Collected data:
═══
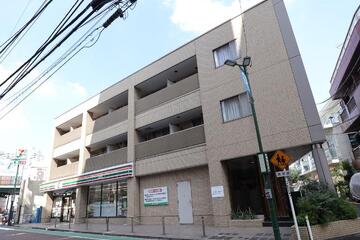 PLATZ中井の外観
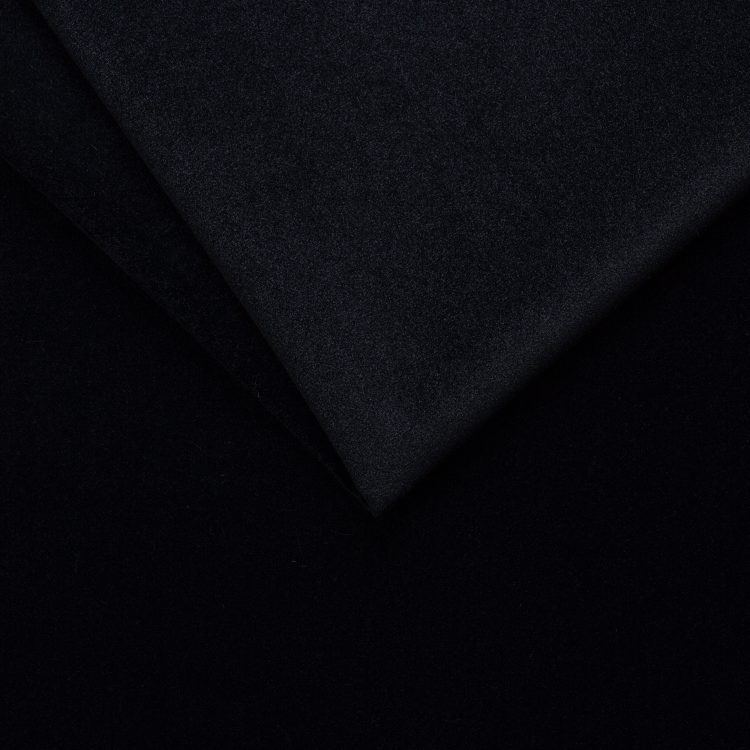 22 Black
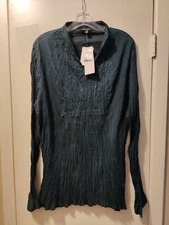 Greater Good Women's Blue-Green Pleated Long Sleeve Blouse Size XXL. P-T-P:23in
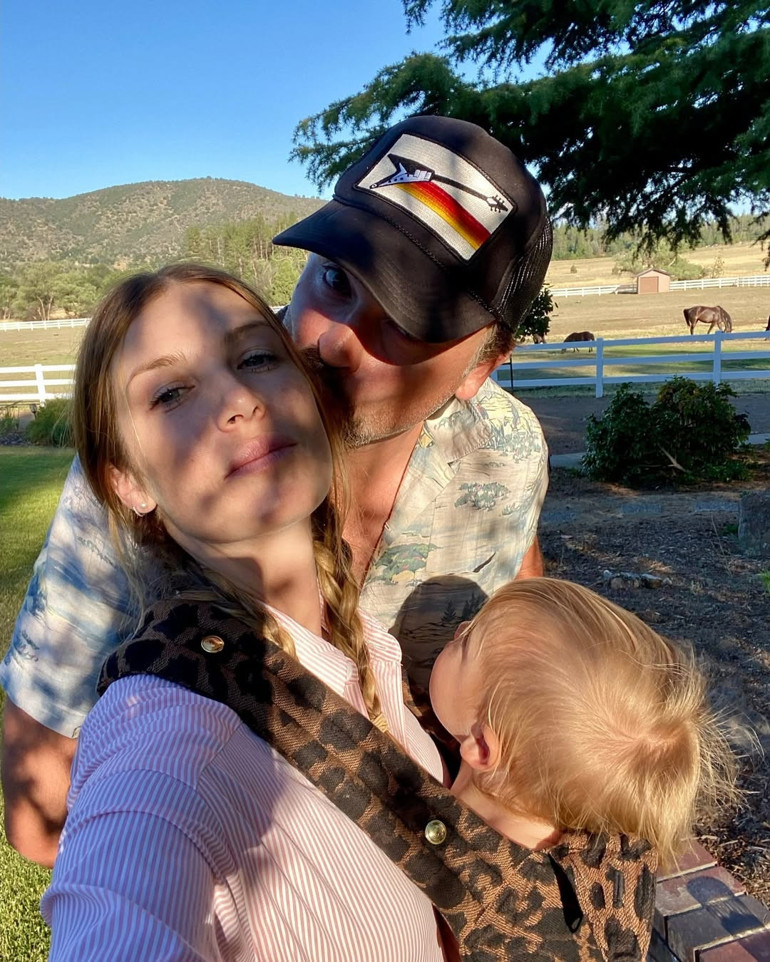 Eski Süpermen kovboy oldu… Şöhretini geride bıraktı çiftliğinde at yetiştiriyor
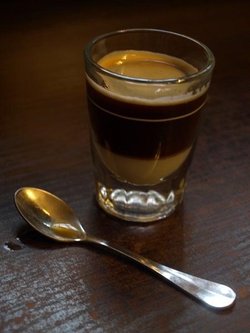 Pyszna kawa po hiszpańsku - café bombón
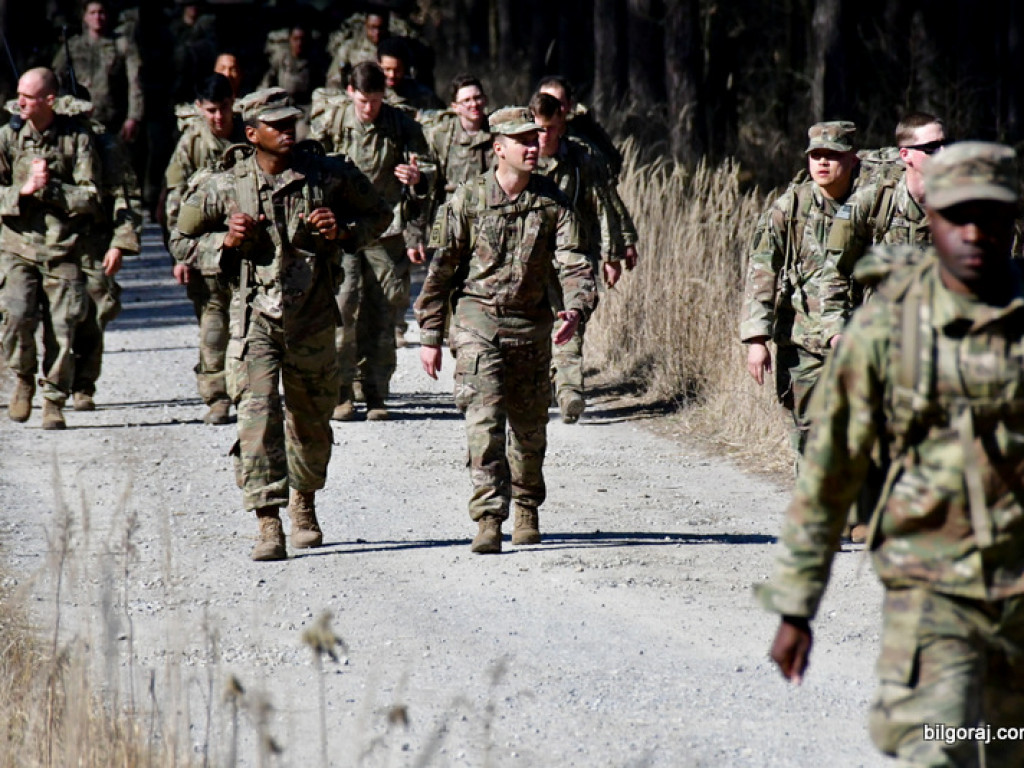 Kilkuset żołnierzy wojsk polskich i amerykańskich przemierza szlak Puszczy Solskiej (FOTO, VIDEO)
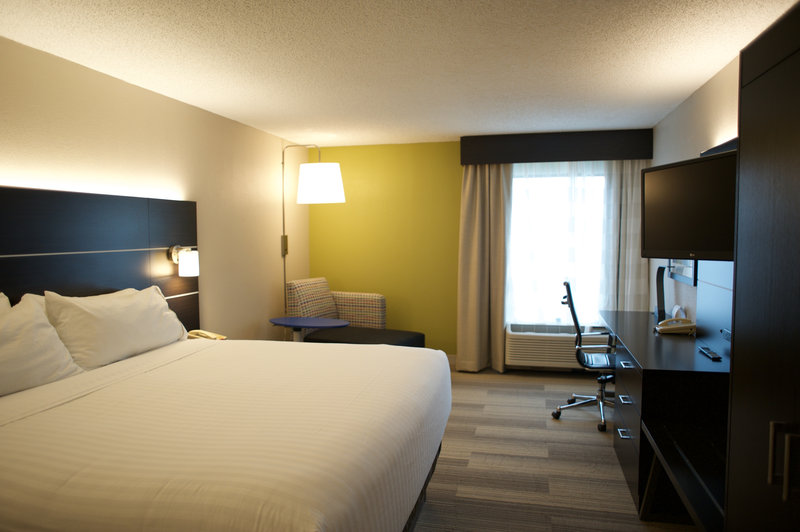 HOLIDAY INN EXP WEST I20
═══
Hand back the records above exactly as they are, pictures excluded.

 PLATZ中井の外観
 22 Black
 Greater Good Women's Blue-Green Pleated Long Sleeve Blouse Size XXL. P-T-P:23in
 Eski Süpermen kovboy oldu… Şöhretini geride bıraktı çiftliğinde at yetiştiriyor
 Pyszna kawa po hiszpańsku - café bombón
 Kilkuset żołnierzy wojsk polskich i amerykańskich przemierza szlak Puszczy Solskiej (FOTO, VIDEO)
 HOLIDAY INN EXP WEST I20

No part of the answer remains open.